In that time, Nike has, officially and unofficially, corralled some of the most important cultural figures across sports and entertainment into its hive. Serena Williams. LeBron James. Lance Armstrong. Kendrick Lamar. Tiger Woods. Kobe Bryant. Drake. Tatyana McFadden. Andre Agassi. On Travis Scott's "Sicko Mode," one of the most popular and streamed songs of 2018, Nike found itself in the middle of the most exciting cultural tempest of the year.
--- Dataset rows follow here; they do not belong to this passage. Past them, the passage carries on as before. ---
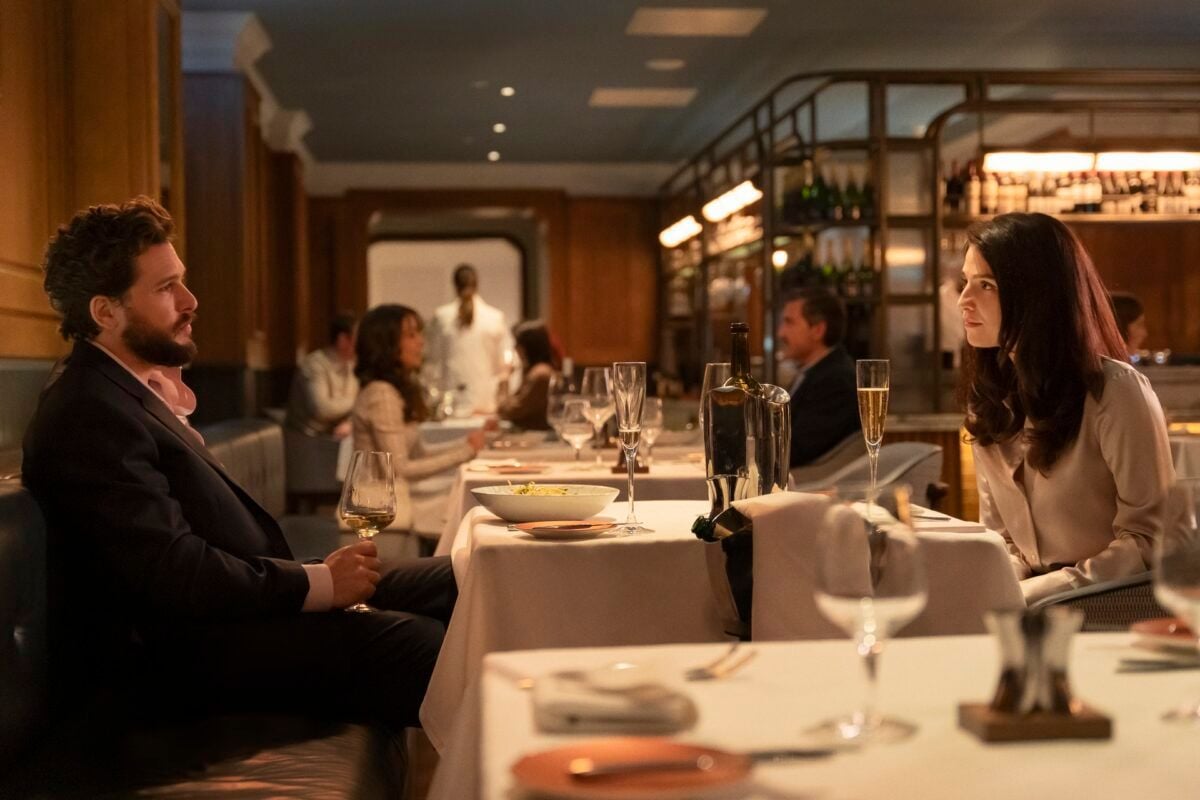 'Industry' Season 3 Review: Prestige Television Is Back, Baby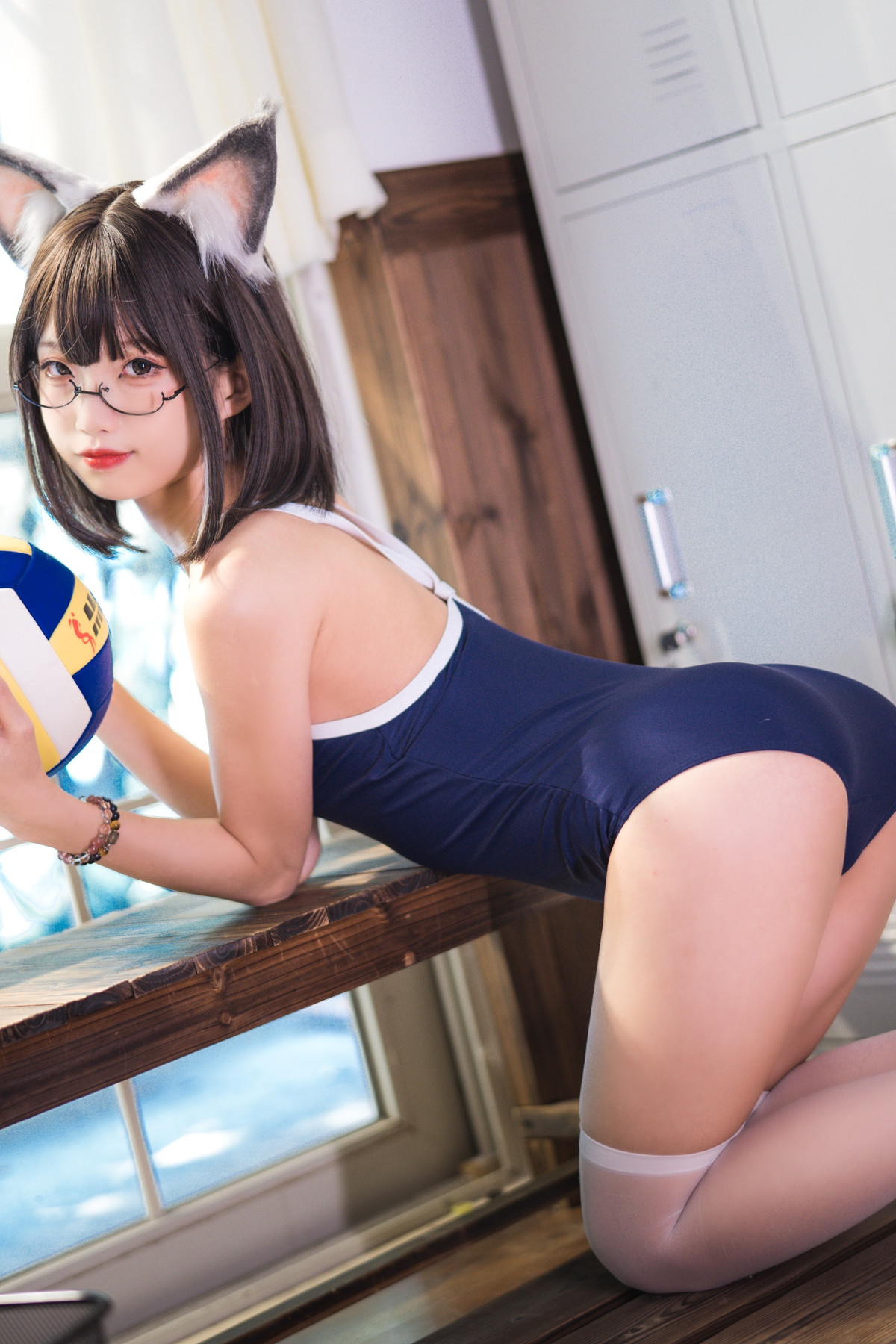 Cosplay 狐玖玖 – 死库水 6 Cosplay 狐玖玖 – 死库水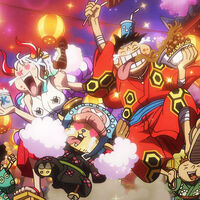 Las noches locas de Eiichiro Oda por Japón que le inspiraron a crear a uno de los personajes más queridos de todo One Piece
Featured on the song's guest verse is Drake, who raps, referencing Nike's swoosh logo and Adidas' three stripes, "checks over stripes, that's what we like." Months prior, Adidas emissary Pusha-T had released "The Story of Adidon," a diss track against Drake, who was then rumored to be signing a deal with Adidas. The brands had somehow become weapons in a simmering rap war. It was yet more proof of Nike's transcendent authority: as both cultural product and the culture.
Just last year, Nike released a striking series of black-and-white ads as part of its push into social justice. Images of former 49ers quarterback Colin Kaepernick—who'd been exiled by the NFL because of his criticisms against the ongoing wave of police brutality in black communities—courted the most controversy. But it was a savvy, if noble, move on Nike's end. Kaepernick represents an evolution in the business of sports; his advocacy presents a chance to shift the discourse for Fortune 500 companies who hope to align with socially-minded celebrities. Through him, Nike is able to create and sustain real impact, nationally and globally.
With the addition of Beyoncé and Donald Glover into its fold, Adidas is gunning for a similar impact: one that is multilevel, innovative, and authentic (both artists have the ability to tap into vast and disparate communities of people worldwide). It already seems to be working, too. The company saw substantial sales growth in North America last year thanks, in part, to its creative partnerships. But impact is about more than financial gain. Today, social ports like Instagram, Snapchat, and Twitter are a shrewd barometer of cool. Brands crave relevance via social impact, which is measured in likes, retweets, post count, and meme proliferation. All of it furnishes continuous chatter, be it for a pair of new Yeezys or the latest Ivy Park drop. It's a business-defining play for Adidas. One thing Beyoncé has never lacked for is the attention of the crowd.